▶ _ASSIGNMENT_
Exact copy, no pictures: output all the records that follow.

▶ _GIVEN ENTRIES_

BEGIN

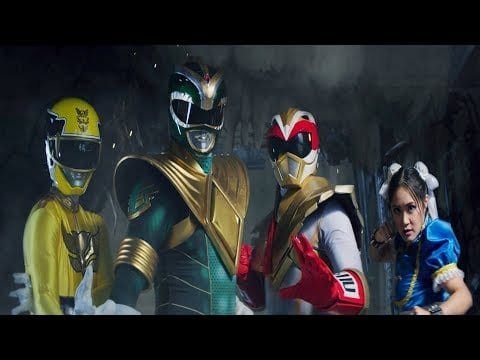 Die Power Rangers kämpfen gegen die Figuren aus Street Fighter!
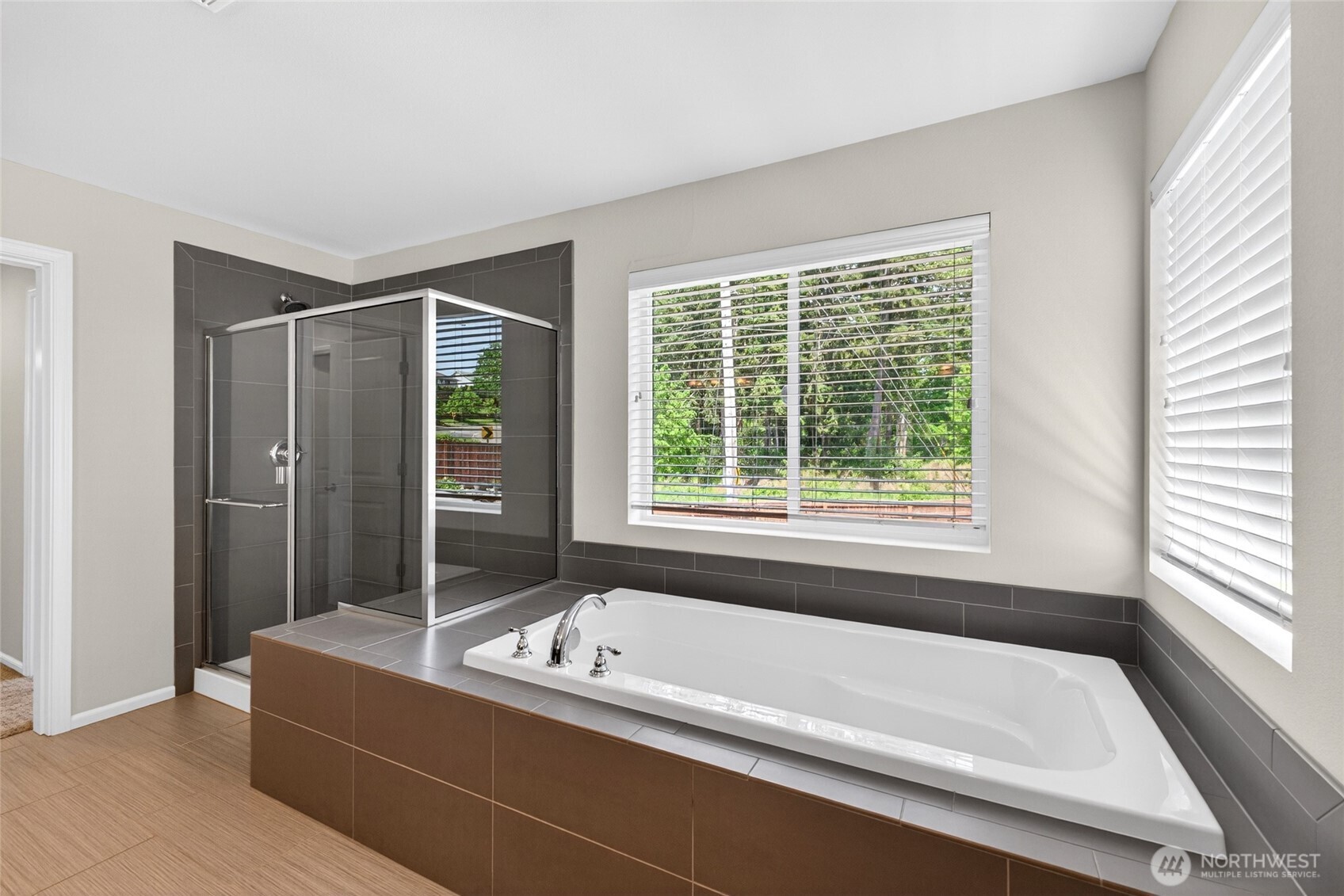 4932 S 322nd Street , Auburn, WA 98001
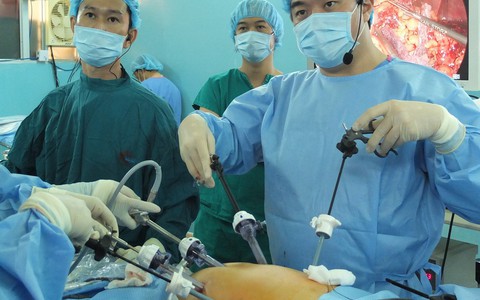 TP.HCM: Tưởng tăng cân nên chủ quan, người phụ nữ suýt chết vì mang khối u 4kg ở bụng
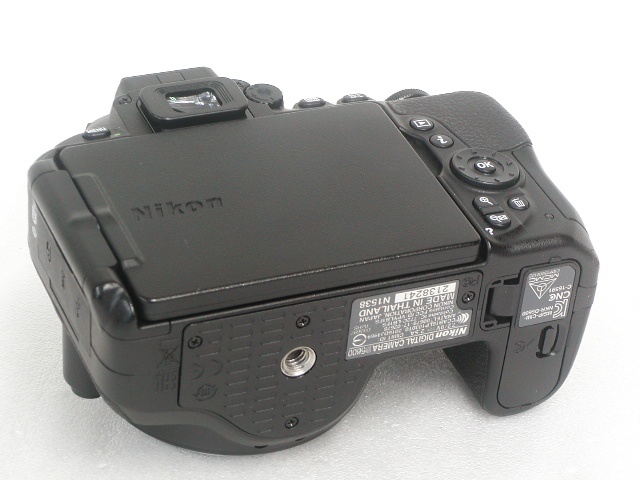 D5600  Body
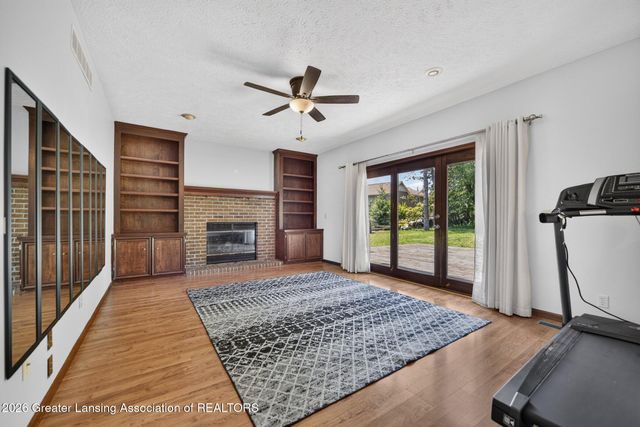 4215 Mariner Lane, Okemos, MI 48864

END

▶ _ANSWER TO THIS PROBLEM_
 Die Power Rangers kämpfen gegen die Figuren aus Street Fighter!
 4932 S 322nd Street , Auburn, WA 98001
 TP.HCM: Tưởng tăng cân nên chủ quan, người phụ nữ suýt chết vì mang khối u 4kg ở bụng
 D5600  Body
 4215 Mariner Lane, Okemos, MI 48864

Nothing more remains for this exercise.